Anthony Watson and Benoît Rauzy of Atelier Vime

If the contemporary look of rattan had to be attributed to a creative force, it would be Atelier Vime. The co-founders of the wicker design workshop have safeguarded this traditional craft of Provence while bringing the region’s sunny, summery textures into spaces around the world. They chatted about growing their own (wicker), the region’s best saucisson and a hidden hotel built for archeologists.

Category:Design
Location:France
Words by:Conor Burke
UpdatedJuly 26, 2021

For a certain type of person—or in the case of Atlier Vime founders Anthony Watson and Benoît Rauzy, persons—the notion of inheritance isn’t limited to familial property but encompasses honoring a property’s past. So, when the pair purchased an 18th-century hôtel particulier in the Provençal village of Vallabrègues and discovered assorted baskets and archival drawings that pointed to the building’s history as a once-thriving wicker workshop, it seemed obvious that they should revive the craft that had at one time defined the area between Arles and Saint-Rémy de Provence. “Everything was there. We had the story of the village, the history of the house and the archival drawings. We just thought, let's do it,” Rauzy says.

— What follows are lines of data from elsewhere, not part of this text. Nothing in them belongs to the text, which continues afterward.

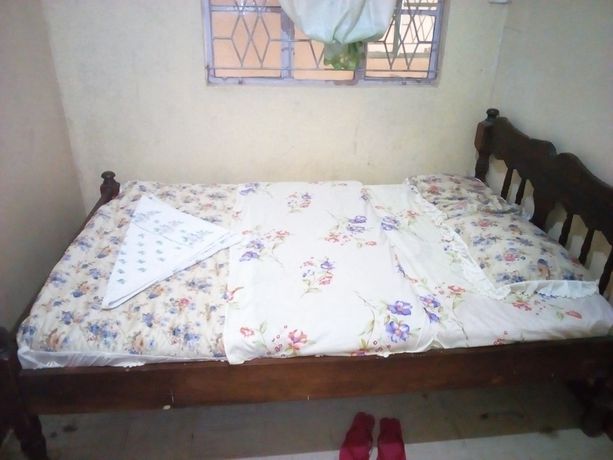 Imagen de la habitación del Hotel Peak View. Foto 11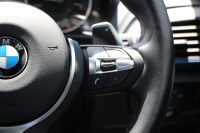 BMW 2シリーズ M235i ｸｰﾍﾟ直6ﾀｰﾎﾞ326馬力 ﾋｰﾀｰ黒革 ｱﾀﾞﾌﾟﾃｨﾌﾞMｻｽ Mｽﾎﾟｰﾂﾌﾞﾚｰｷ Bｶﾒﾗ&ﾘｱPDC 衝突軽減ﾌﾞﾚｰｷ 車線逸脱警告 歩行者警告 ﾌﾞﾚｰｷ付ｸﾙｺﾝ HDDﾅﾋﾞBluetooth接続 ｽﾏｰﾄｷｰ 専用ﾌﾞﾚｰｷ 18AW 2年保証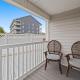 Finestere A1- Oceanfront - Cherry Grove Section Myrtle Beach - Photo 4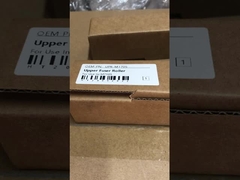 لـ M7105dn M7107dn M705 M6700 M7100 M7205 M6710 6800 7200 7300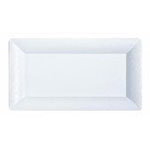 Scandinavian Servingware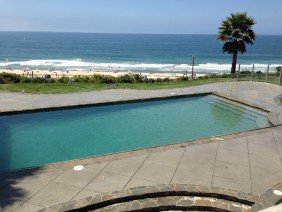 Concrete Etc, Inc. - Photo 5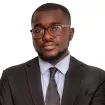 Prosper Echefu Photo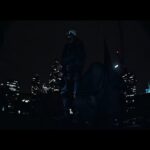 EsDeeKid & Rico Ace – Phantom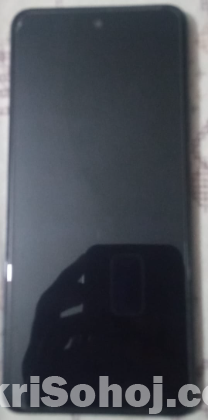 Infinix Hot 40 Pro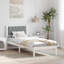 Solid Wood Bed Frame-1782376979-1782377066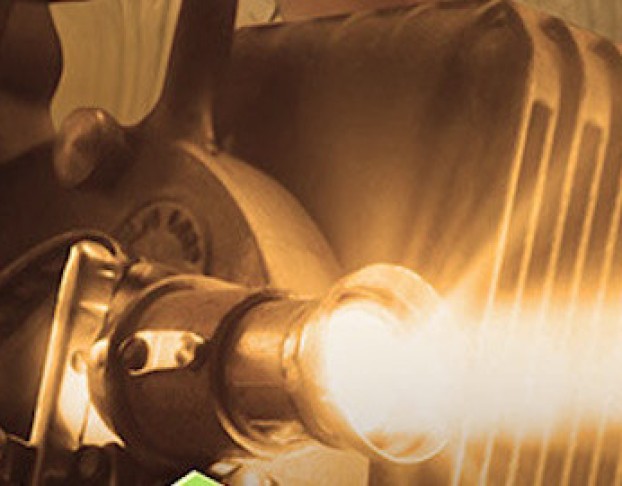 Симфо-Кино Магия Саундтреков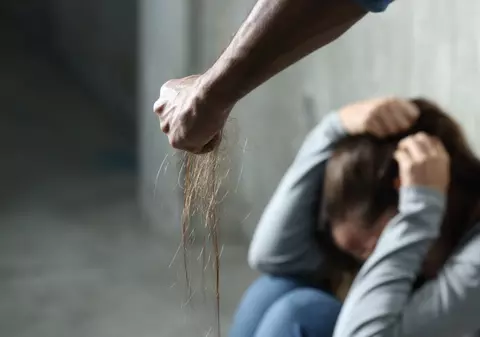 Primele ordine de protecție provizorii au fost emise de polițiști. 150 de agresori au fost separați de victime în 10 zile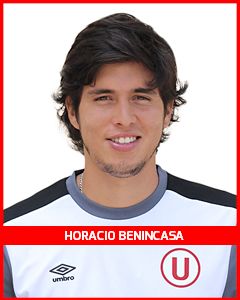 HORACIO%20BENINCASA_zpsghjrdkuw.jpg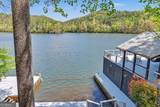 418 Vickers Road - Photo 6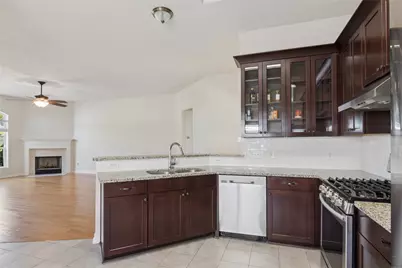 3219 Windemere Park Lane, Katy, TX 77494 - Photo 14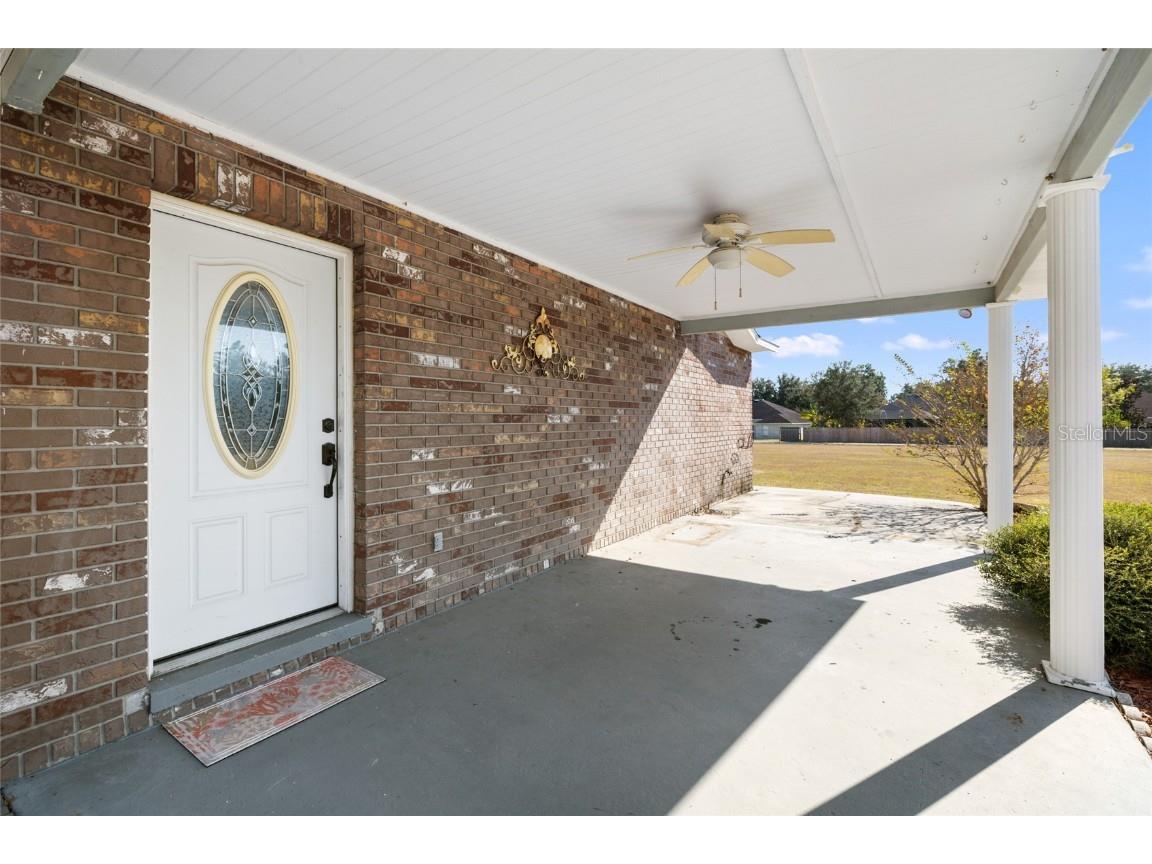 1413 S Saint Cloud Avenue Valrico FL 33594 TB8448630 image29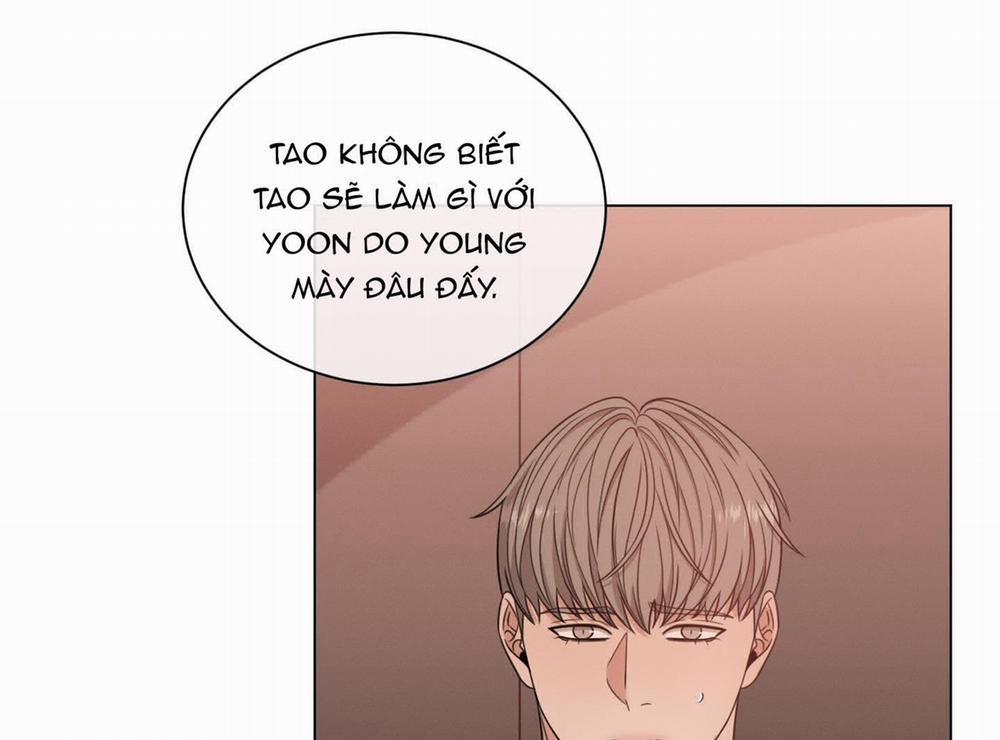 Hội Chứng Minmotion 25 trang 16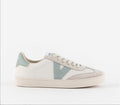 Baskets Victoria 1126184 Jade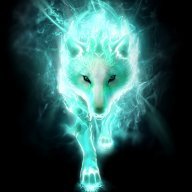 wolfask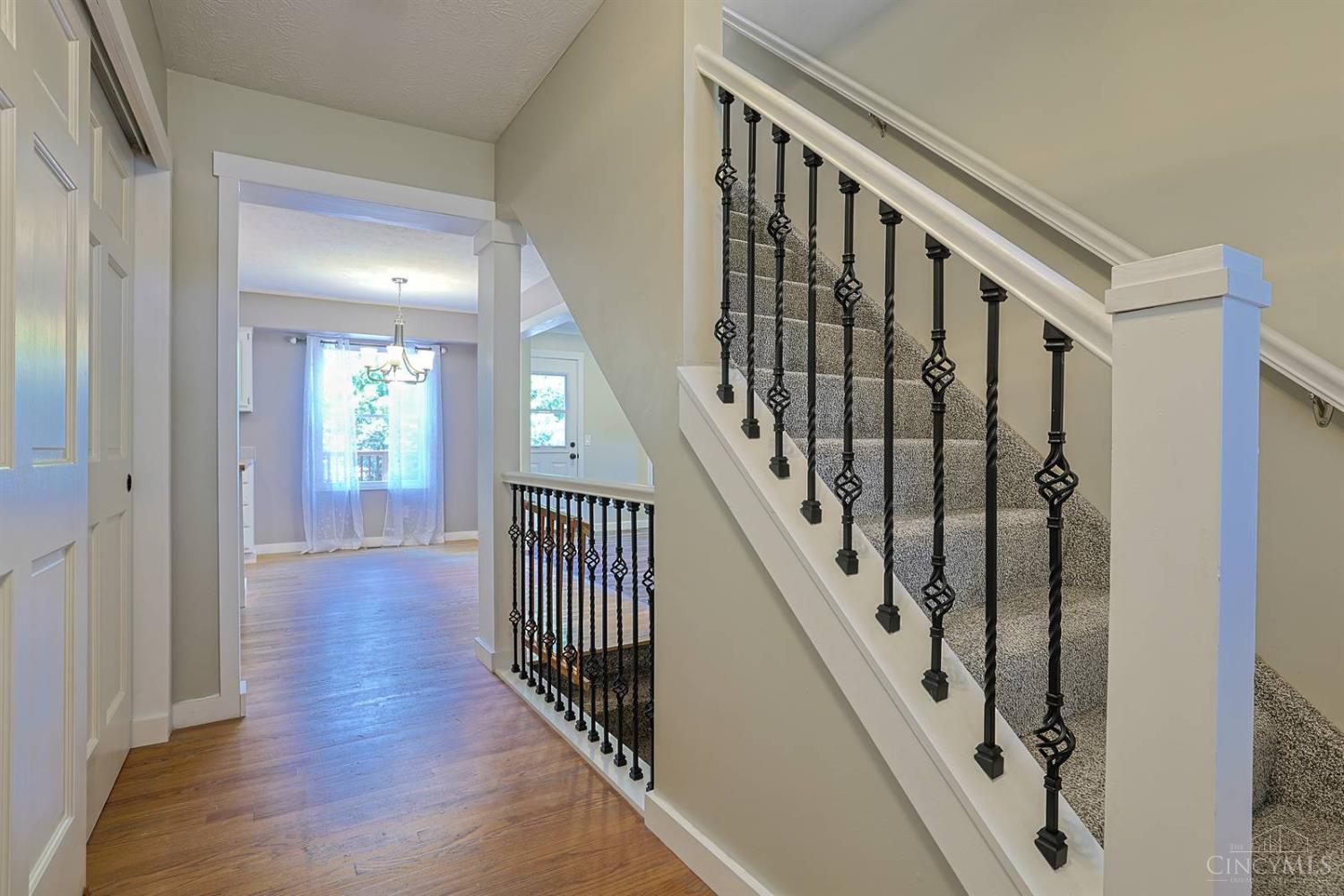 3180 Tuscarora Court, Fairfield Twp, OH, 45011 — photo 7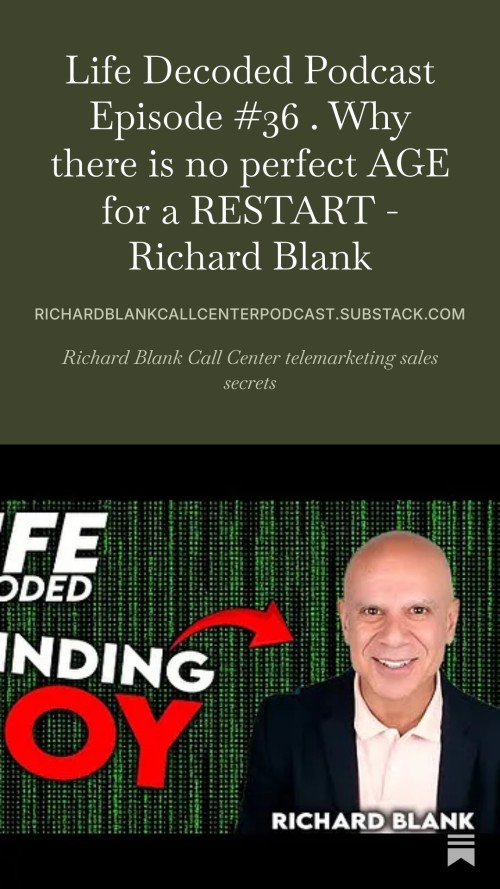 Life-Decoded-Podcast-guest-Richard-Blank-Costa-Ricas-Call-Center2413a24e17f0e692.jpg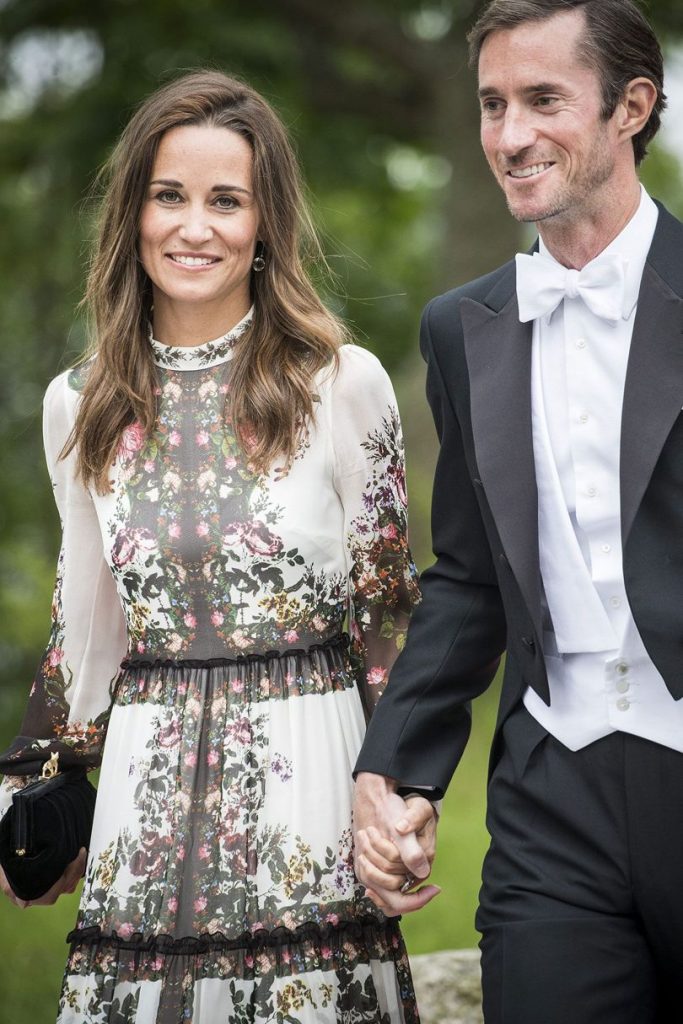 pippa-middleton-erdem
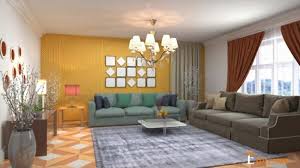 Maybe you would like to learn more about one of these? Living Room Interior Design Flat Screen Tv Dining Room Design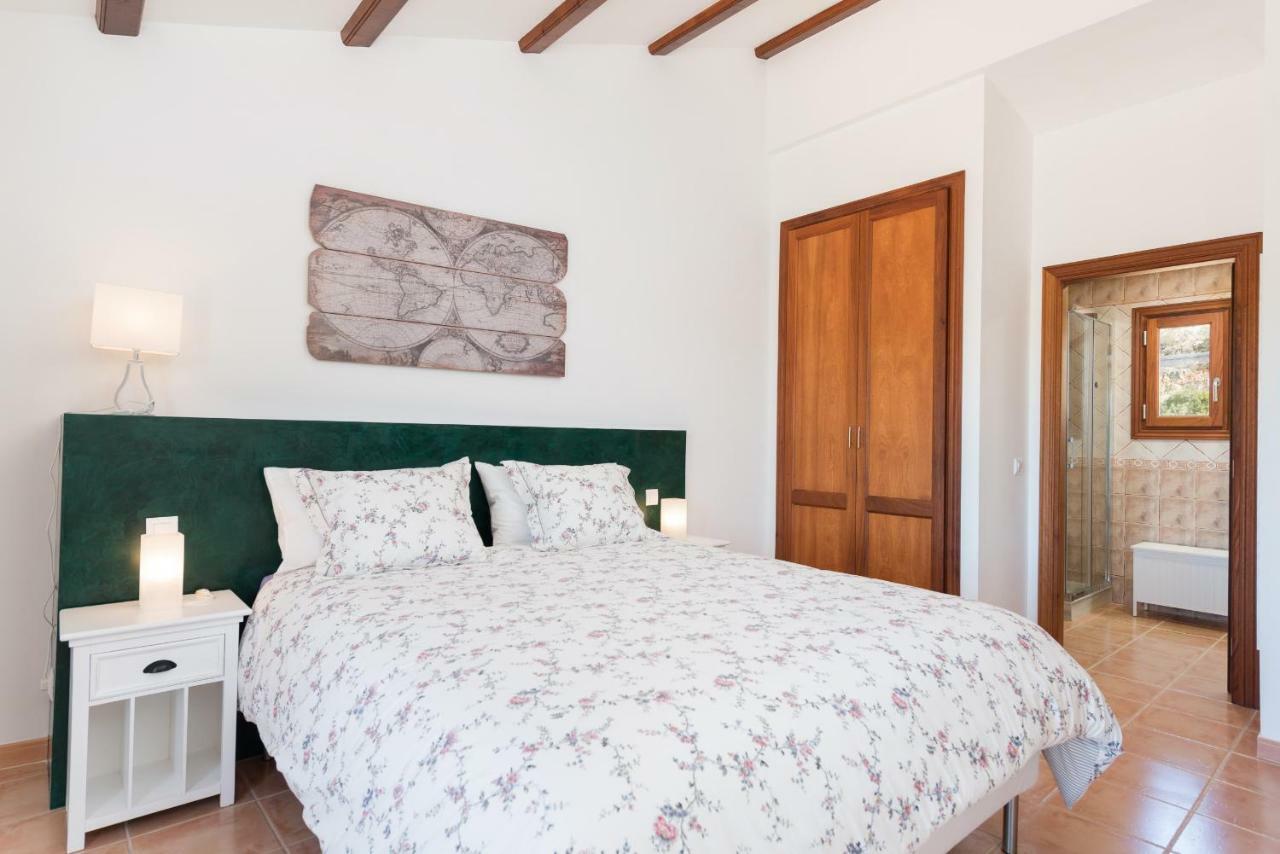 Casa Goldi By Mallorca Villa Selection Holiday home *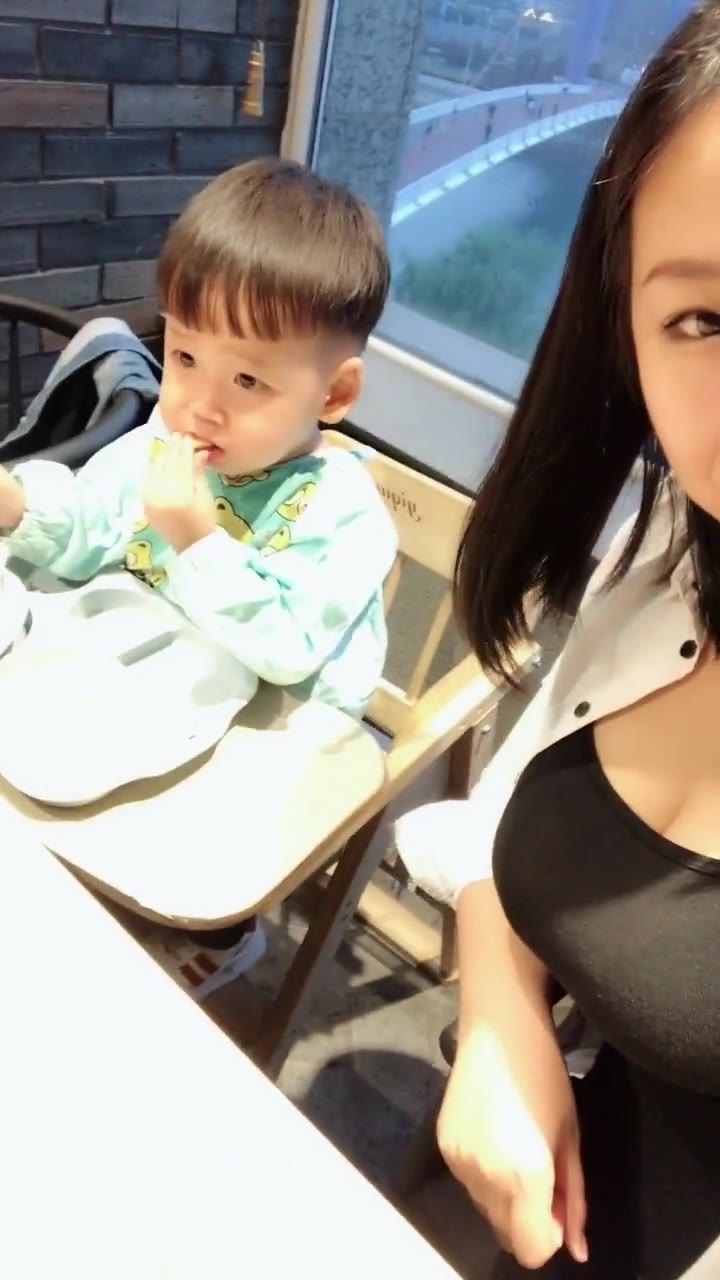 微拍No.4501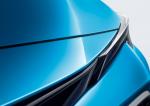 Toyota Corolla XSE Hatchback 2018 года (NA)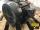 images/ProductImages/75HP3600RPM215FRA (2).jpg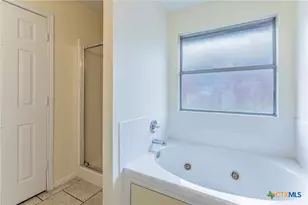 4303 Flamingo Dr, Killeen, TX 76549 - Photo 15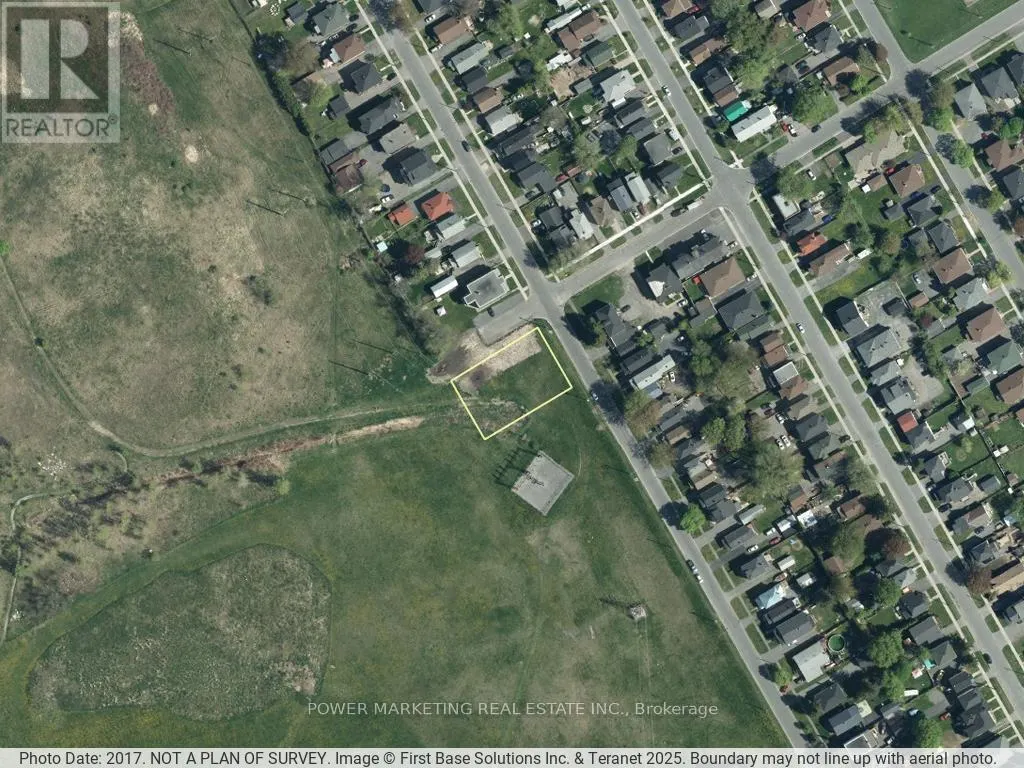 9,11,19 DANIS AVENUE
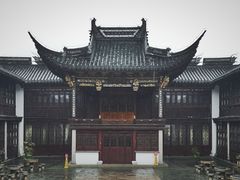 -中国昆曲博物馆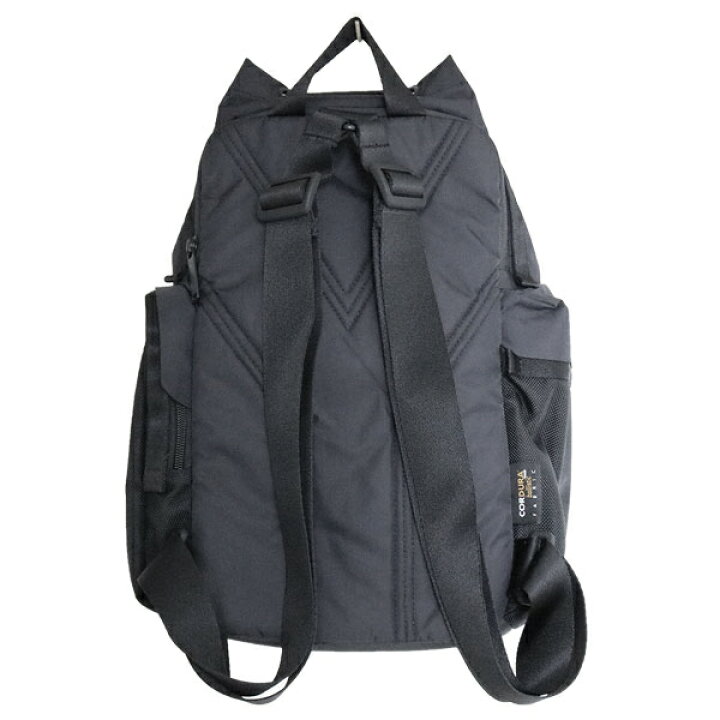 楽天市場】ワイスリー Y-3 バッグパック リュックサック メンズ FQ6970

The house was well-placed to access the region’s underused and abundant source of wicker, with reeds proliferating along the nearby Rhône River. Harder to find were the craftspeople needed to bring their vision to life, with samples of their work reduced to the occasional sightings of a woven basket used for bread in the region's boulangeries and bistros. Inspired by vintage wicker pieces by French designers like Janine Abraham and Louis Sognot that they’d begun collecting, but with no formal training in design—Watson was an artistic director for luxury brands while Rauzy worked as an environmental consultant across Central Asia and Russia—they teamed up with their friend and former handbag designer Raphaëlle Hanley, whose work for Louis Vuitton and Marc Jacobs helped bring a sense of cohesion to the brand’s designs.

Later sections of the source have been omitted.